→ Directions
In the entries below, find the line with "Cute Sea Lion - Applique" and the line with "97 98 97 Pair". Reproduce those two lines and every line between them exactly, and nothing more.

→ Listed entries
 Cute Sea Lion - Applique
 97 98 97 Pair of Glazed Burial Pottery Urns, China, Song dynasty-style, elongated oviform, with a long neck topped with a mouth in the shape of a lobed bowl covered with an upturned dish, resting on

* * *

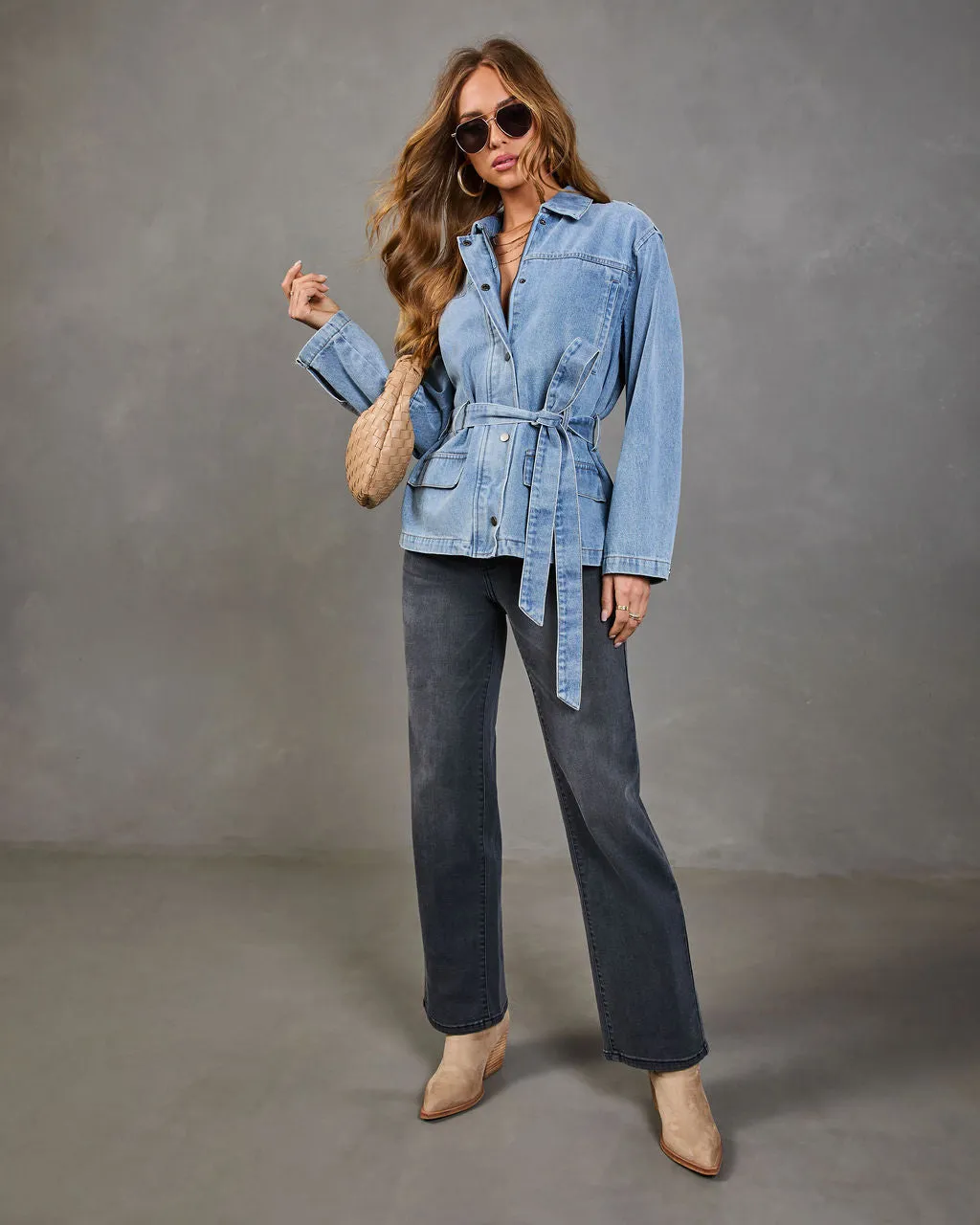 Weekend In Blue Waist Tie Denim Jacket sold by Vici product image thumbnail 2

→ Exercise result
 Cute Sea Lion - Applique
 97 98 97 Pair of Glazed Burial Pottery Urns, China, Song dynasty-style, elongated oviform, with a long neck topped with a mouth in the shape of a lobed bowl covered with an upturned dish, resting on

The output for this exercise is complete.